ANDREA SPIEGEL: Was ist überhaupt unser Führungsstil?
DENNIS KUHLMANN: Das ist eine nachgelagerte Frage, die sich zwangsläufig daraus ergeben wird. Was ist eigentlich unser Führungsstil? Wie wollen wir eigentlich führen? Wie müssen wir führen, um diese Ziele erreichen zu können? Es gibt immer die Möglichkeit, sich Experten auch von außen reinzuholen, die einem ein wenig spiegeln, wie man agiert und handelt und einem Wege aufzeigen können: Das könnten die nächsten Schritte sein, die deine Führungskräfte brauchen.
Es ist wahrscheinlich ein Prozess, indem man Leute verliert, weil sie sich nicht mehr dazu committen können, wie sich das Unternehmen aufstellt. Dessen muss man sich bewusst sein
Gleichzeitig aber macht es den Recruiting-Prozess viel einfacher, weil wir genau wissen, welche Leute wir eigentlich suchen? Welche Leute brauchen wir, um unsere Ziele zu erfüllen? Wer kann uns helfen? Wen brauchen wir nicht? Auch da können eine Vision, eine Mission, eine Zieldefinition und ein Wertekodex uns dabei unterstützen und helfen, das Unternehmen nochmal auf tragfähige Füße zu stellen.
ANDREA SPIEGEL: Du hast angedeutet, dass es um eine Unternehmenskultur geht, die ich schaffen muss. Wahrscheinlich reicht es am Ende nicht, wenn ich fünf Führungskräfte von 20 habe, die ein bisschen agiler unterwegs sind und die ein paar innovative Veränderungsstrategien kennen und ein paar Methoden gelernt haben und die bringen uns alle voran. Es ist wahrscheinlich eher was Grundlegenderes oder bist du der Meinung, dass das doch funktionieren kann?

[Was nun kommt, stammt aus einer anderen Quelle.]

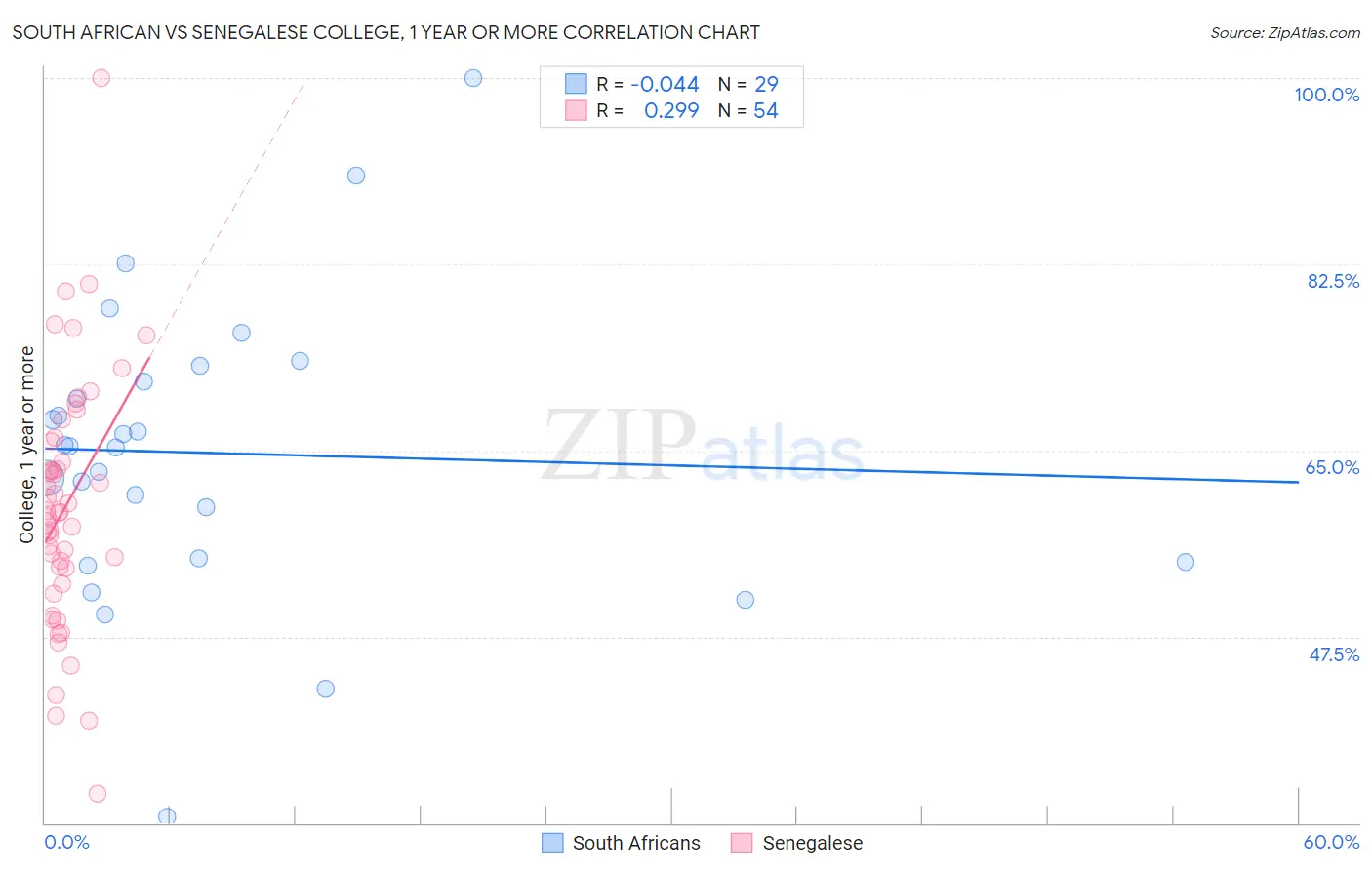 South African vs Senegalese College, 1 year or more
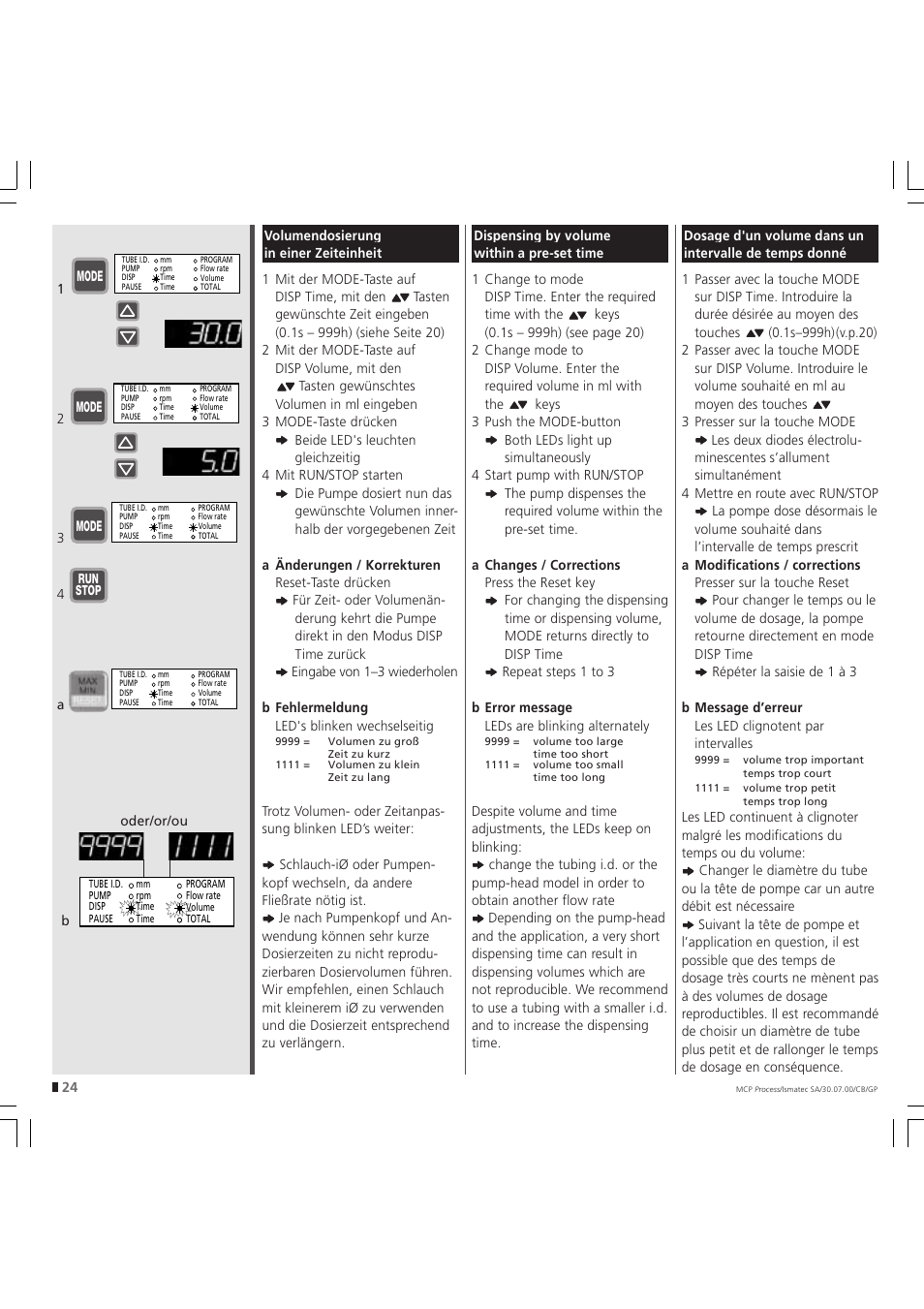 IDEX Health & Science MCP Process – version without Settings Menu User Manual | Page 24 / 56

DENNIS KUHLMANN Aus meiner Erfahrung zahlt sich ein Top-down-Ansatz aus. Denn die Chance erhöht sich maximal, dass es funktioniert und gelebt wird. Führungskräfte, da nehme ich das Management nicht aus, müssen auch in gewisser Art und Weise als Vorbilder agieren. Wir orientieren uns an Vorbildern: Was gefällt uns und was nicht? Es ist wichtig, zu wissen, was man nicht machen möchte. In solchen Unternehmenskulturprozessen muss Führung vorgelebt und in regelmäßigen Gesprächen reflektiert werden. Schnelle Erfolge einzelner Teams können weitere motivieren: Studien zeigen, dass Positive Leadership nicht nur den Gewinn steigert, sondern auch die Mitarbeitergesundheit verbessert, Krankheitstage reduziert und die intrinsische Motivation erhöht.
ANDREA SPIEGEL: Man hat wahrscheinlich auch ein besseres Kundenverhältnis.
DENNIS KUHLMANN: Genau. Wenn erste Teams Erfolge zeigen, ist es nur eine Frage der Zeit bis andere nachziehen und ähnlich führen werden. Neben der Unternehmenskultur bildet sich eine Führungskultur darunter, mit der man sich identifizieren kann und die das Unternehmen am Ende trägt.
ANDREA SPIEGEL: Also ist eine Wasserfallstruktur geeignet: Das Wasser fließt von oben nach unten und ist in diesem Fall nicht schlecht.
DENNIS KUHLMANN: Es ist auf jeden Fall hilfreich.
ANDREA SPIEGEL: Um Veränderungsprozesse sinnvoll zu begleiten, Führungskräfte entsprechend auszubilden und dass das Standing vom Unternehmen funktioniert. Ich glaube, wir könnten stundenlang weiter darüber reden – es gibt noch viele Themen.